Kernel PCA and Pre-Image Iterations for Speech Enhancement

Publikation aus Digital

Christina Leitner

, 1/2013


In this thesis, we present novel methods to enhance speech corrupted by noise. All methods are based on the processing of complex-valued spectral data. First, kernel principal component analysis (PCA) for speech enhancement is proposed. Subsequently, a simplification of kernel PCA, called pre-image iterations (PI), is derived. This method computes enhanced feature vectors iteratively by linear combination of noisy feature vectors. The weighting for the linear combination is found by a kernel function that measures the similarity between the feature vectors. The kernel variance is a key parameter for the degree of de-noising and has to be set according to the signal-to-noise ratio (SNR). Initially, PI were proposed for speech corrupted by additive white Gaussian noise.
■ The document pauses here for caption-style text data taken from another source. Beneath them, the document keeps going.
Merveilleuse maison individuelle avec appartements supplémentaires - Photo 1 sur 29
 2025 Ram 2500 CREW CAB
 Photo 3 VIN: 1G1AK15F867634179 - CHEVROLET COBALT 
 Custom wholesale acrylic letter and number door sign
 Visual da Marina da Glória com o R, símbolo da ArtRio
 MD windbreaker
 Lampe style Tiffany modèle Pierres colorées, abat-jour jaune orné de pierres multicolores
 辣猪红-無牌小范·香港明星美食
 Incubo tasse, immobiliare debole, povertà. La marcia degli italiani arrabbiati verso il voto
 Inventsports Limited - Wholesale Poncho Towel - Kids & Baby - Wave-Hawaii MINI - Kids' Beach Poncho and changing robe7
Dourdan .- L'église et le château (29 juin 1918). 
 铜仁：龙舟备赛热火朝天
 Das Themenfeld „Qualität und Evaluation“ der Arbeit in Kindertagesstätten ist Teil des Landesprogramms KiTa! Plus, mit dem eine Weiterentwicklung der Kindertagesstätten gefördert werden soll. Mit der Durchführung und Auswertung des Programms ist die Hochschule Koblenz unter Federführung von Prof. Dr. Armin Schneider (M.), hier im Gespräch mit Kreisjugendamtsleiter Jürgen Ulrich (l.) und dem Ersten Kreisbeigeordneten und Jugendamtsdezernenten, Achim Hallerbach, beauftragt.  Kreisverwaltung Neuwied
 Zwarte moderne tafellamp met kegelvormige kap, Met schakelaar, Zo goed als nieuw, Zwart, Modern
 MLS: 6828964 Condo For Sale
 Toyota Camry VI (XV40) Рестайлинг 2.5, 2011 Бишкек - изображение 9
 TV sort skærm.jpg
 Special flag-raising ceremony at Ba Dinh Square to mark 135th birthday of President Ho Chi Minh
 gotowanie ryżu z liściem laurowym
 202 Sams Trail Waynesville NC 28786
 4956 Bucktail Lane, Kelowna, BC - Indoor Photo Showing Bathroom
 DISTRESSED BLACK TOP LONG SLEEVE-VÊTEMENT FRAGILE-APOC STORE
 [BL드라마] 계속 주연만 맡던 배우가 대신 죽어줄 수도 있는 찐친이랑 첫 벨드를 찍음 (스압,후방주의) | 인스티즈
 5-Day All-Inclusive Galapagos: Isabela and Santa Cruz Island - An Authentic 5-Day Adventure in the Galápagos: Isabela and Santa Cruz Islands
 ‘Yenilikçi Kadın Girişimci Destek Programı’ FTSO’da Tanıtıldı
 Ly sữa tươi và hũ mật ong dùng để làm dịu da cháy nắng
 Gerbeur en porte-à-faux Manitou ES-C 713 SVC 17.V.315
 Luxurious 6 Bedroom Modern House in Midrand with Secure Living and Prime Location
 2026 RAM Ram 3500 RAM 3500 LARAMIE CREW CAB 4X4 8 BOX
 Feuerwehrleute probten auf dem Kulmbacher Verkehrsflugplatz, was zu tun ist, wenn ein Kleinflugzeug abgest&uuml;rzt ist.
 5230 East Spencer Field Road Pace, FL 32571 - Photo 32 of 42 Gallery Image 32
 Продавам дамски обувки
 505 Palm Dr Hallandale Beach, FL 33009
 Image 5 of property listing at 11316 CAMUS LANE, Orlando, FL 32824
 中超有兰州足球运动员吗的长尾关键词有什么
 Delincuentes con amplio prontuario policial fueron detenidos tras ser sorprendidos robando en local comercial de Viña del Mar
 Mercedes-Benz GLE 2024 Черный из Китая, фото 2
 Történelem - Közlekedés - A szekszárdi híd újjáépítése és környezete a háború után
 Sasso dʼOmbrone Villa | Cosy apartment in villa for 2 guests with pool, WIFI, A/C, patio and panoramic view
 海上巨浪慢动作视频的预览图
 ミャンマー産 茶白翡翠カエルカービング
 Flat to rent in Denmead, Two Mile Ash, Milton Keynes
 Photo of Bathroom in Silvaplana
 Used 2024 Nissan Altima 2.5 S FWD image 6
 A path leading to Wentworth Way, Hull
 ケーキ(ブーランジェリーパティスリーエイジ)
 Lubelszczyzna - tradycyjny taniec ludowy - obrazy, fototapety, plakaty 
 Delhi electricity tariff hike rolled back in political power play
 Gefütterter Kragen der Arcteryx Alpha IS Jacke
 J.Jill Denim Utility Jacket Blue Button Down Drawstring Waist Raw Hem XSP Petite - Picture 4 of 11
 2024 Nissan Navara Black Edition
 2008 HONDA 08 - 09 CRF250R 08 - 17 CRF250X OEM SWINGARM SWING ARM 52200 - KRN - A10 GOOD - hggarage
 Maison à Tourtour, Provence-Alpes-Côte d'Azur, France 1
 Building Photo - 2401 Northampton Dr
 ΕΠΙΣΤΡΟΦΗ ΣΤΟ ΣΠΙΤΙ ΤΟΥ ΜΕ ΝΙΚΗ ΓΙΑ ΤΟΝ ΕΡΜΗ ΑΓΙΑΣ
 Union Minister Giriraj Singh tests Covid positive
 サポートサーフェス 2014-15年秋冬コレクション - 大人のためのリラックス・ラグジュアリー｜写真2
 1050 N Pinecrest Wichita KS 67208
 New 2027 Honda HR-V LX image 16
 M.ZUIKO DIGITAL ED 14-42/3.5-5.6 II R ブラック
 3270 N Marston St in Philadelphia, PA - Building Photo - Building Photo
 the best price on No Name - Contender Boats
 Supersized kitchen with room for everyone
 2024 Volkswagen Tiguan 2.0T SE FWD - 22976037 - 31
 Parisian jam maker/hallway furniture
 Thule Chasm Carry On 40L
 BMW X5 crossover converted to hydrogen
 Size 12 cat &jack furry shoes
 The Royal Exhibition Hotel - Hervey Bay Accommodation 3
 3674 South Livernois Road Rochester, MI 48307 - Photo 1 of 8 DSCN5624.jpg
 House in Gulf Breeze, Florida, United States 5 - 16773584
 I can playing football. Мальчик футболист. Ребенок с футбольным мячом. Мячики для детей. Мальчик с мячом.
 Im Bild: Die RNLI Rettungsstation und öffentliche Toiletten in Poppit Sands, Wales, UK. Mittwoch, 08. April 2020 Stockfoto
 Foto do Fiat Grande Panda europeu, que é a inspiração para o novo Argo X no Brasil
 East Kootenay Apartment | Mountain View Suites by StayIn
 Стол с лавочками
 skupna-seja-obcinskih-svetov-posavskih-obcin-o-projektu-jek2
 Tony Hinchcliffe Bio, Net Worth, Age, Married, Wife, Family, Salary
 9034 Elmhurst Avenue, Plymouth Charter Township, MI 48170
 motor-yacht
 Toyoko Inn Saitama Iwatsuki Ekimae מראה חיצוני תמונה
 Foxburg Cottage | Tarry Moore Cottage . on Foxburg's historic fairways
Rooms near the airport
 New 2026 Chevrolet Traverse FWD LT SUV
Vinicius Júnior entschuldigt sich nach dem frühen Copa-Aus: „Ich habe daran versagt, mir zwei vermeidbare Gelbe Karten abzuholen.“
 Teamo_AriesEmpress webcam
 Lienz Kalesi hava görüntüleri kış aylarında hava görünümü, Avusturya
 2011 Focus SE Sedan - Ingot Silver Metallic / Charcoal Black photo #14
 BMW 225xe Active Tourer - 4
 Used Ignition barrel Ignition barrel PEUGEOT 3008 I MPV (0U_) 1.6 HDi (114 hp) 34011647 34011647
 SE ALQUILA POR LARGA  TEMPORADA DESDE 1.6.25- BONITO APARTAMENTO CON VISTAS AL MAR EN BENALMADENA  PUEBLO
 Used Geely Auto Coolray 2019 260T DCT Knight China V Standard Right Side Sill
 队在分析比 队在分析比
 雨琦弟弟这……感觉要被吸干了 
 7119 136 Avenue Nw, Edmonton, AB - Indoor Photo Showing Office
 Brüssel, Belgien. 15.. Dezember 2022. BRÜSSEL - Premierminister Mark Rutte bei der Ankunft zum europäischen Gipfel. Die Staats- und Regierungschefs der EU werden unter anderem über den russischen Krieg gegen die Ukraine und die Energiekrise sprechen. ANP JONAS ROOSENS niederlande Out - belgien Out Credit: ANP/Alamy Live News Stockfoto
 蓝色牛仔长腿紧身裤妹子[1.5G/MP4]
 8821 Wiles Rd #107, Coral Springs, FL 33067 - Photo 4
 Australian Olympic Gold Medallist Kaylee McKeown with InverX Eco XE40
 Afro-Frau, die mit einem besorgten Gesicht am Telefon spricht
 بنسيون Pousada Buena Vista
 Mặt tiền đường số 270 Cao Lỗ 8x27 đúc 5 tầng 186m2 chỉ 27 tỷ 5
To be independent of knowledge about the SNR and to generalize to other stationary noise types, PI are extended by automatic determination of the kernel variance for white and colored noise. This enables a setting of the kernel variance without prior knowledge about the SNR. For colored noise this setting is frequency-dependent.  PI are executed on feature vectors extracted from the spectral representation. Analysis of PI shows that the convergence behavior of the feature vectors reveals information about the signal content. We use this information to segment the spectral representation in speech and non-speech regions and derive a mask for musical noise suppression
 in enhanced speech as a post-processing step. We evaluate the proposed methods by listening, visual inspection of the spectrograms, by objective quality measures and the word accuracy of an automatic speech recognizer. Listening to the utterances and visual inspection of the spectrograms confirm the suppression of noise. No musical noise occurs, however, there is some residual noise around speech components. In terms of objective quality measures, the proposed methods achieve similar results as the generalized subspace method, spectral subtraction and the minimum mean-square error log-spectral amplitude estimator evaluated on speech corrupted by white noise. PI with automatic determination of the kernel variance achieve better results than the initial PI method. For colored noise, the performance of PI is better than the performance of the generalized subspace method, but weaker than the performance of the other two reference methods. In terms of automatic speech recognition, PI with automatic determination of the kernel variance achieve a performance superior to the generalized subspace method and similar to spectral subtraction, while the minimum mean-square error log-spectral amplitude estimator achieves higher recognition results.